Por desgracia, las obras siguientes de Moa me han ido pareciendo muy inferiores precisamente porque, al fin y a la postre, el conocimiento de las fuentes es esencial y si el que se refería a la Segunda República resultaba magnífico no puedo decir lo mismo de textos posteriores. Leí su ensayo sobre Franco con cierto interés, pero, por esas mismas fechas, José María Carrascal publicó otro sobre el mismo tema que me resultó mucho más lúcido e inteligente. Por lo que se refiere a su Historia de España me decepcionó profundamente. Quizá no fue Moa el que tuvo la idea de escribirla y se vio tentado por un editor, quizá se lo sugirió un tercero. No lo sé, pero su lectura me causó un profundo malestar porque Moa se había adentrado en terrenos que no conocía con el mínimo de profundidad necesaria y el resultado era, en ocasiones, penoso.
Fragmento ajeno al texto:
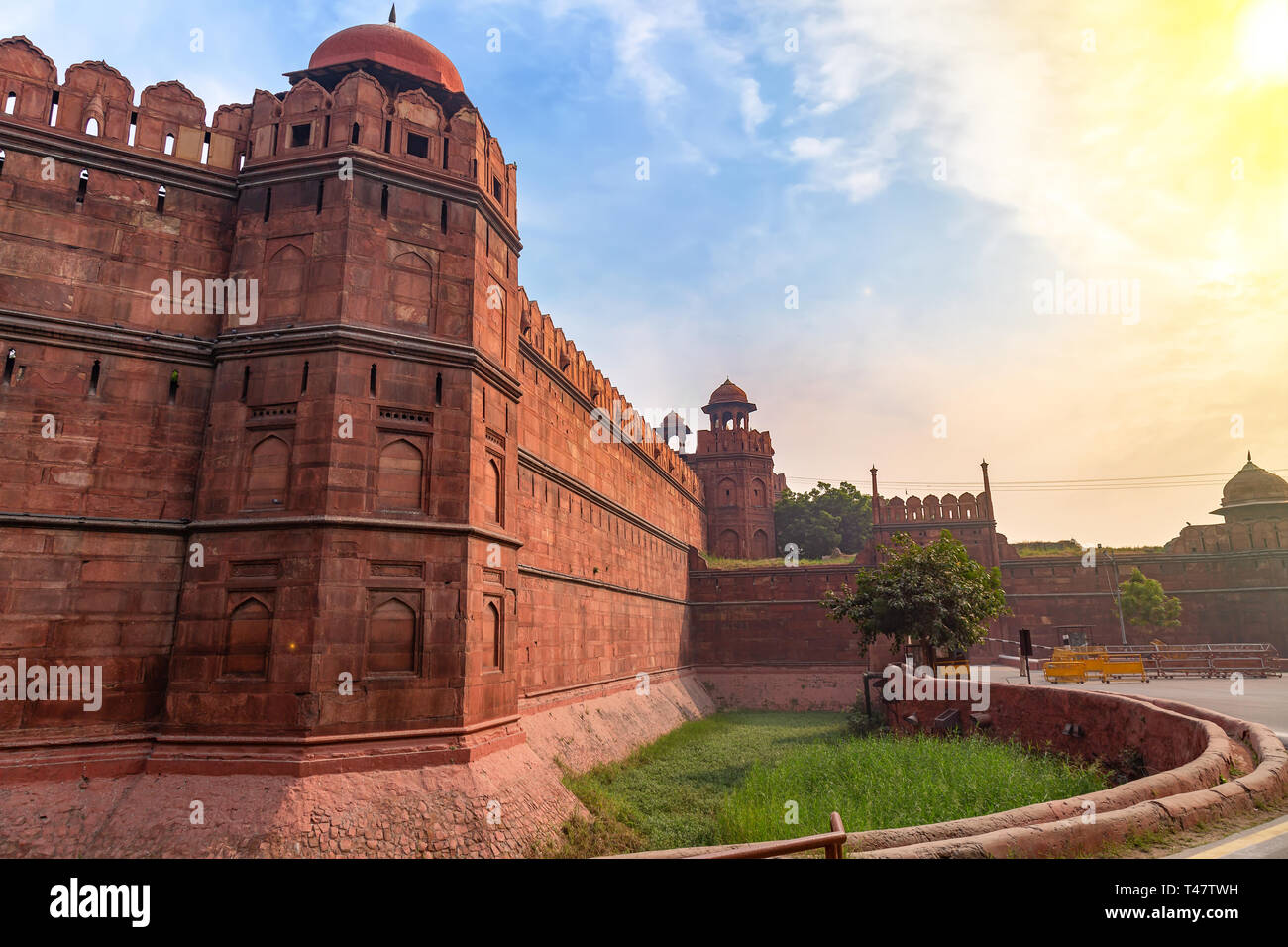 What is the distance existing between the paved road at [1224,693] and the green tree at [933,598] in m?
2.89

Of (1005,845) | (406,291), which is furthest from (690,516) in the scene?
(1005,845)

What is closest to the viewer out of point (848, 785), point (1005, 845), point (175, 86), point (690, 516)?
point (1005, 845)

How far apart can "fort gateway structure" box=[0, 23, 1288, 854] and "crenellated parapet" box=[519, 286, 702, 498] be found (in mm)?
3553

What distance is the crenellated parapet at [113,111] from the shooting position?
9211mm

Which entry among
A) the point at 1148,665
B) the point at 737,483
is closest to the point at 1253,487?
the point at 1148,665

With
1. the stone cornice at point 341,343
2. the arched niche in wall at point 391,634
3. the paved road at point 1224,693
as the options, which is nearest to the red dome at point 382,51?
the stone cornice at point 341,343

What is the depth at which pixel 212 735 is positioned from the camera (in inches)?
320

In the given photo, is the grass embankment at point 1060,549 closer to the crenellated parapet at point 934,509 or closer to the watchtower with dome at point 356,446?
the crenellated parapet at point 934,509

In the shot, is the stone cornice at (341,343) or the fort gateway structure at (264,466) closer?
the fort gateway structure at (264,466)

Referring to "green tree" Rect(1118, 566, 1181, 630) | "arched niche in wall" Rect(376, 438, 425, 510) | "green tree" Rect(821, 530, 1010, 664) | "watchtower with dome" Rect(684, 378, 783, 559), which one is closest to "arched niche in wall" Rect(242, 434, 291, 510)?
"arched niche in wall" Rect(376, 438, 425, 510)

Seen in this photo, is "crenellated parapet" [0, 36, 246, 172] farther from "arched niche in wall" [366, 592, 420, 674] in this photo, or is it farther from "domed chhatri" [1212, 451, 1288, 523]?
"domed chhatri" [1212, 451, 1288, 523]

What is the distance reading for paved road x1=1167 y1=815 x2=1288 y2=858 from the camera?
4.80 meters

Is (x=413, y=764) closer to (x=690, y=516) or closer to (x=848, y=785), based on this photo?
(x=848, y=785) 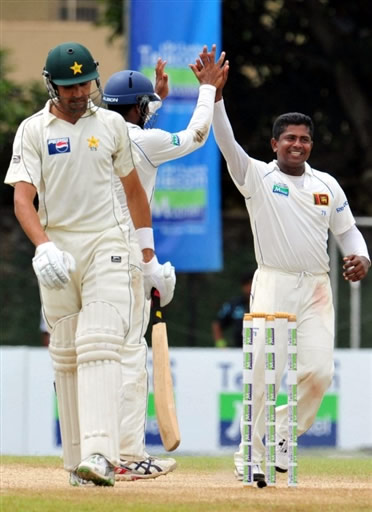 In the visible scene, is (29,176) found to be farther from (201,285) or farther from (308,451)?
(201,285)

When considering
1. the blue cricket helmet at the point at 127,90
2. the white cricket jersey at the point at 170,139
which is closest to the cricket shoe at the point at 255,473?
the white cricket jersey at the point at 170,139

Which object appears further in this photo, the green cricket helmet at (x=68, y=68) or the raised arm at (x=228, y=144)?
the raised arm at (x=228, y=144)

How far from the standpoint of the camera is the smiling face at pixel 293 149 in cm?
854

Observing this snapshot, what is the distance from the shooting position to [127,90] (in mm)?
8297

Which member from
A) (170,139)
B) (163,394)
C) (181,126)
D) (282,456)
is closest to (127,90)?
(170,139)

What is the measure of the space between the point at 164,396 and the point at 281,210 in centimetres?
153

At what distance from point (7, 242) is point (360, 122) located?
5.31 metres

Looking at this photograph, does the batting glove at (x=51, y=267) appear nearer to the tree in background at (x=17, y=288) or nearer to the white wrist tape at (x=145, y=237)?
the white wrist tape at (x=145, y=237)

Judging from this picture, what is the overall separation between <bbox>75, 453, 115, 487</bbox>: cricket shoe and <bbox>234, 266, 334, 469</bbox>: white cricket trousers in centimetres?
146

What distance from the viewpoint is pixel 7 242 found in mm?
16297

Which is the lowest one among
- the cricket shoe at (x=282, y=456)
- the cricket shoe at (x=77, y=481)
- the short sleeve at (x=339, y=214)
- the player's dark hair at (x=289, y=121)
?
the cricket shoe at (x=282, y=456)

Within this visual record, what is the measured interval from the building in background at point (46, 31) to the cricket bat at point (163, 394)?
49.7 feet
Sus páginas se limitaban a repetir ciertos tópicos, a trazar juicios históricos de tono grueso y no pocas veces erróneo y el autor sólo brillaba a la altura de sus primeros títulos cuando regresaba al período de la Segunda República. Es posible que diez años dedicados a la lectura de fuentes hubieran evitado ese resultado, pero nadie se los dio y Moa tampoco se los tomó.
Cuando, hace unos meses, salió su libro sobre la Transición, me pidió que lo llevara a mi programa en esRadio. Estuve a punto de decirle que no porque la obra me parecía de poco calado y soy muy riguroso en la elección de invitados. Sin embargo, al final, decidí que viniera el 23-F con otras personas, porque todos ellos juntos podían alcanzar el nivel de solidez de la sección. Al final, los compromisos de actualidad se impusieron y, finalmente, Moa no apareció en mi programa. No oculto que me proporcionó un cierto alivio que así fuera porque suelo ser muy cuidadoso con los libros cuyos autores son entrevistados en mi programa. Me puedo equivocar, por supuesto, y a lo mejor se me escapa una obra maestra, pero hago lo posible por que no sea el caso.
En los últimos tiempos, pues, he ido sintiendo, con profunda pena, la sensación de que Pío Moa estaba comprometiendo sus mejores aportes del pasado por culpa de un comportamiento, expresado con creciente entusiasmo, que consiste en escribir y hablar de temas sobre los que no tiene conocimientos suficientes más allá de la simple opinión. Pero a esa cuestión dedicaré mi próxima entrega.